Encuentro homotaxial

Vayamos por partes. Puedo llegar a entender que aquel usuario de mi taxi, en su cruzada por homosexualizar el planeta, intentara ligar conmigo o más bien tener sexo explícito conmigo y en mi mismo taxi. Puedo llegar a entender que algunos hombres encuentren cierto morbo en ligarse al taxista aprovechando un trayecto cualquiera. Convendría, en este punto, preguntarnos por qué resulta mucho más habitual este tipo de impulsos desinhibidos en hombres y no en mujeres, siempre más comedidas y prudentes (para mi desgracia).

Lo que no alcanzo a entender es que al negarme (con suma educación), aquel usuario intentara argumentar el porqué de mi error. Me llamó «antiguo» por no sucumbir a sus encantos, como si el sexo homosexual fuera cool o estuviera de moda (¿qué parte del siglo XXI me he perdido?). También me dijo que todos llevamos un gay dentro (¿?), que «aquel que lo prueba siempre repite» (¿alguna encuesta del CIS al respecto?), y que «a todos nos gusta una buena mamada», con independencia de quién te la practique. En efecto, una boca es una boca, pero olvidó el factor psicológico de no poder evitar saber que el dueño de esa boca tiene barba, y pincha.

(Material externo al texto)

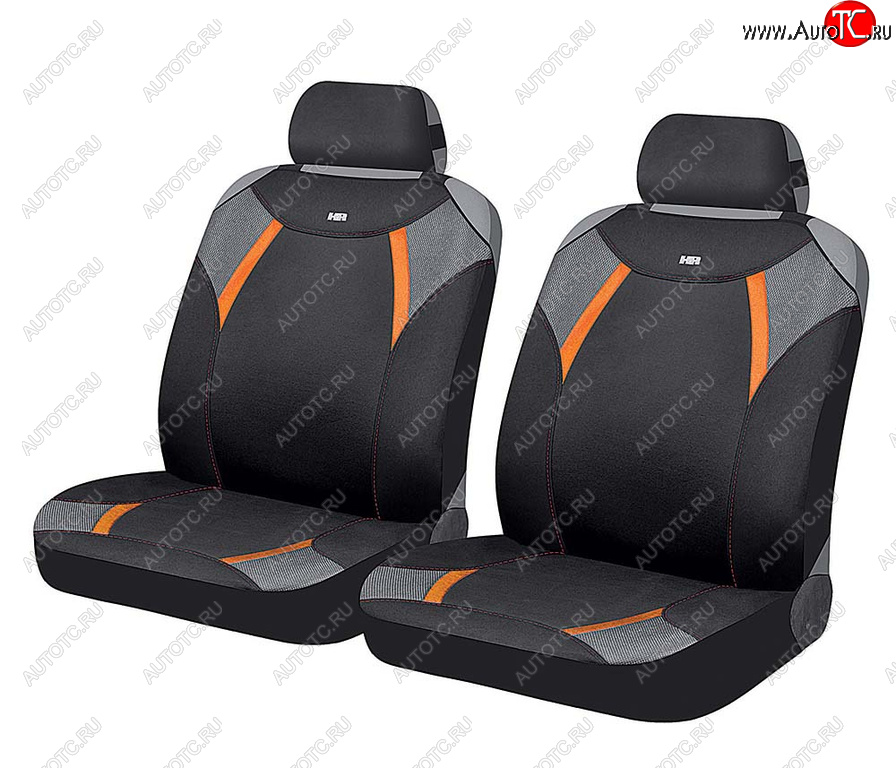 769 р. Накидка на сиденье полиэстер черная (4 предм.) (2шт.) Viper Glossy Front CARFASHION CARFASHION 21369  с доставкой в г. Пермь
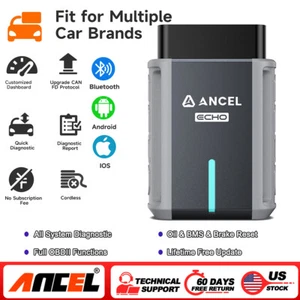 ANCEL ECHO OBD2 Scanner EPB BMS Oil Reset Battery Registration Diagnostic Tool - Picture 1 of 12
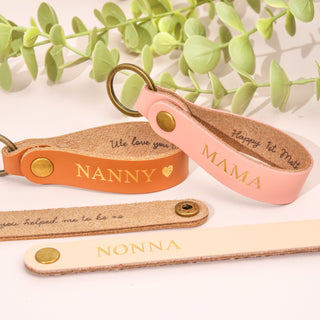 Personalised Leather Keytag For Her - Arlo and Co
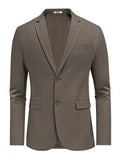Versatile Cotton Suit Jacket (US Only) Blazer coofandy Dark Grey S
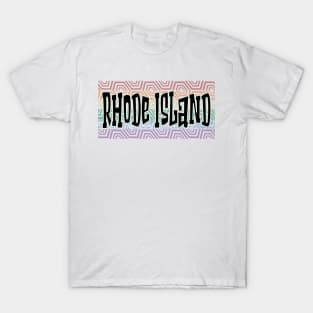 LGBTQ PRIDE EQUAL USA RHODE ISLAND T-Shirt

También apeló a cuestiones culturales. Que nuestra sociedad aún no estaba preparada para una total libertad sexual sin prejuicios ni convencionalismos. En otras palabras: me llamó estrecho.

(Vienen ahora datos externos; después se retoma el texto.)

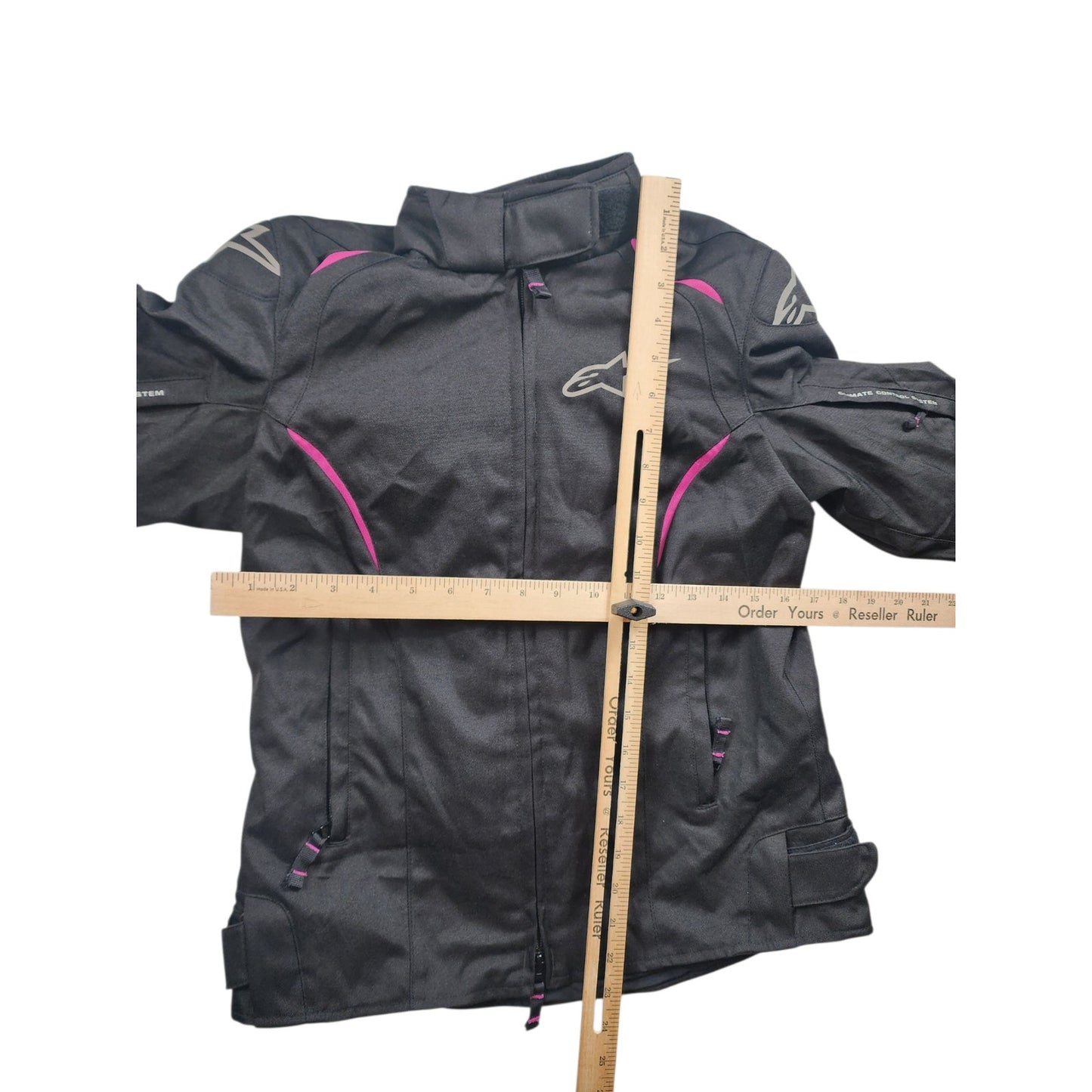 Alpinestars Motorcycle Jacket Womens Medium Stella Textile Riding Armor Climate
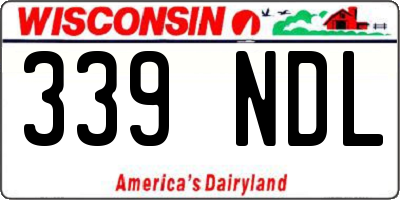 WI license plate 339NDL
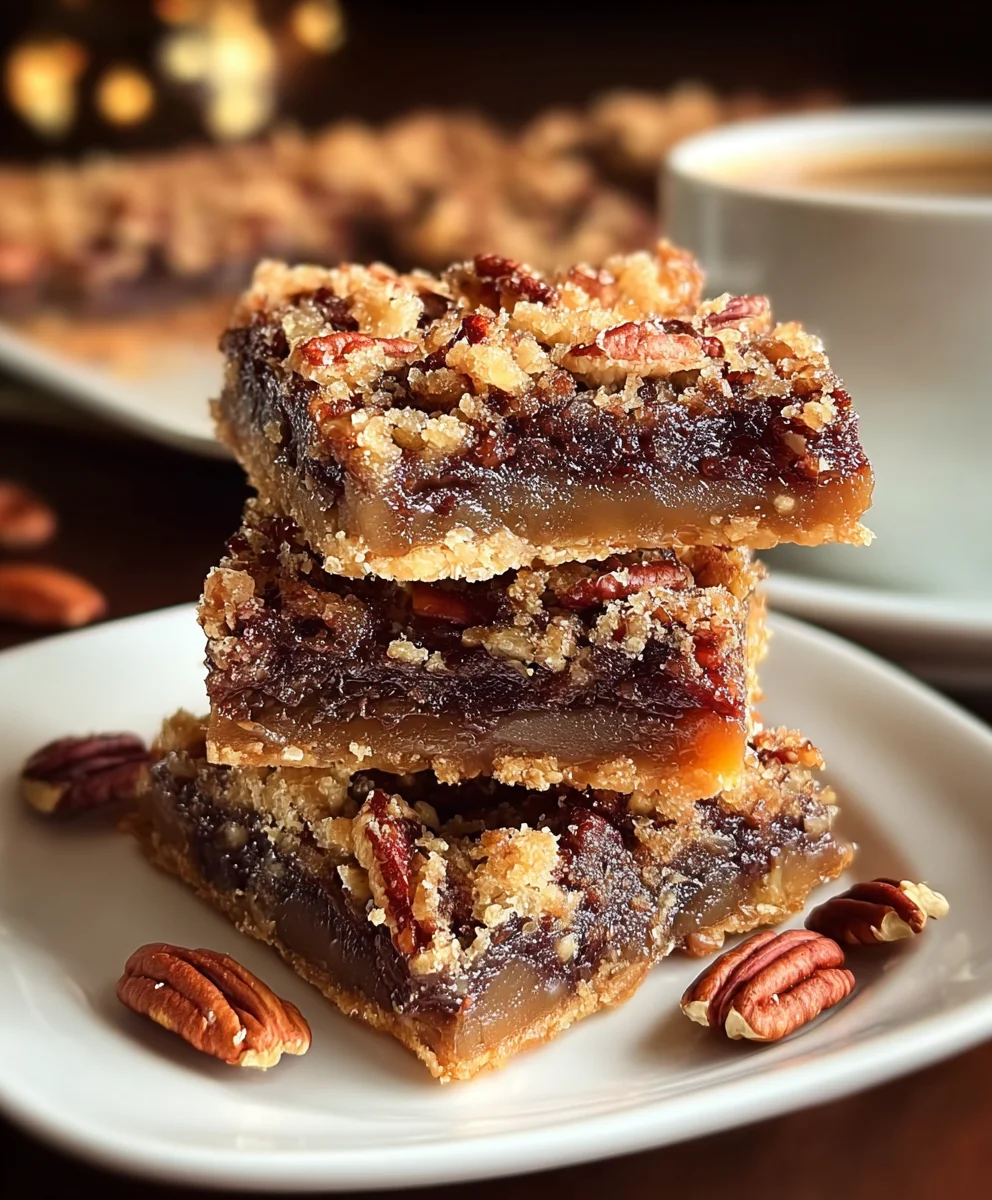 German Chocolate Pecan Pie Bars-Decadent Dessert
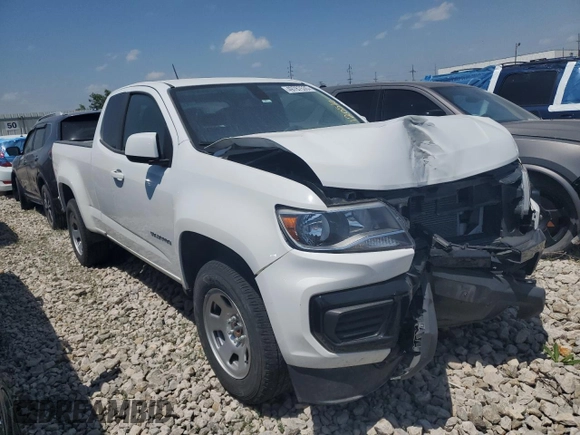 2021 Chevrolet Colorado 2WD Work Truck with VIN 1GCHSBEA4M1120510, listed as a Copart auction lot 49787535 with 120,432 mi miles and Salvage title. Bid and sale history available at DreamBid. Image 4.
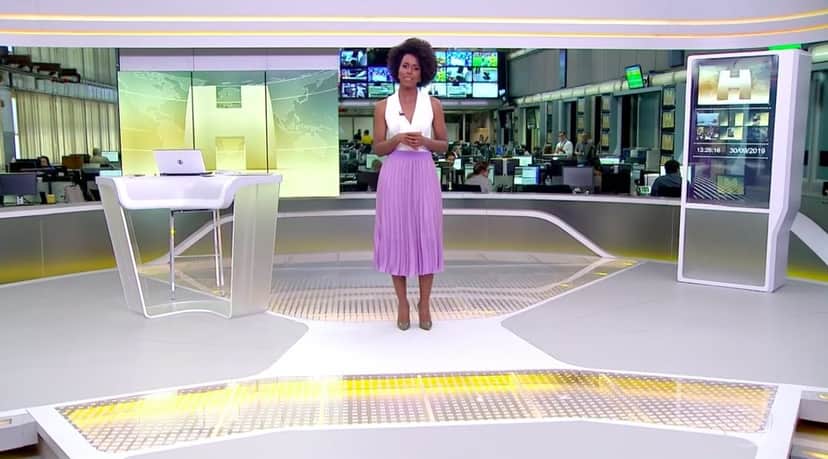 Maju Coutinho, Jornal Hoje, Globo Maju Coutinho, Jornal Hoje, Globo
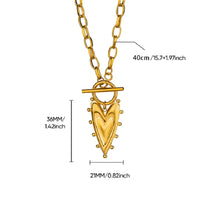 Gold Anti Tarnish Heartlock Neckpiece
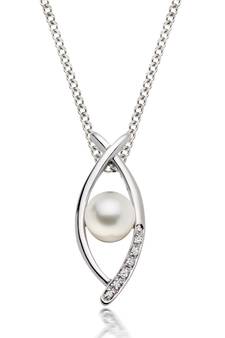 Sterling Silver Pendant Made With Cubic Zirconia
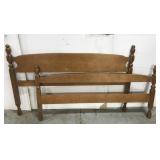 Full size bed headboard & foot board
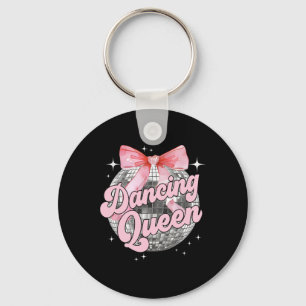 Dancing Queen Shirt Dancing 70s 80s Women Girl  Key Ring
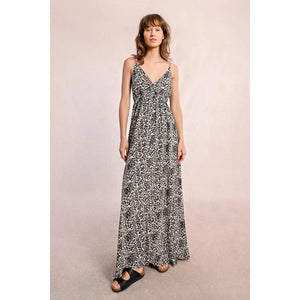 LEOPARD PRINT MAXI DRESS-Dress-MOLLY BRACKEN-Coriander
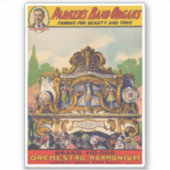 美しいとトーンで有名なパーカーのバンドオルガン シール (正面)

Pero en algo sí que le di la razón: «Nadie conoce mejor a un hombre que otro hombre». Eso es cierto. Y tal vez la técnica de un hombre hacia otro hombre sea más depurada, pero vuelve a olvidar el factor psicológico, el poder de la atracción o incluso los subgrupos del deseo: a mí, por ejemplo, me gustan las mujeres pero no TODAS las mujeres. Aquel hombre, por otra parte, era objetivamente feo. Sucumbir a su propuesta habría implicado saltarme demasiados escalones (no confundir con tabúes). Huelga decir que no tengo nada en contra de cualquier tendencia sexual siempre que sea consentida por ambas partes (ambos adultos y en plenas facultades mentales, se entiende); pero creo que a algunos, en esto de la normalización homosexual (bienvenida sea), se pasaron de frenada.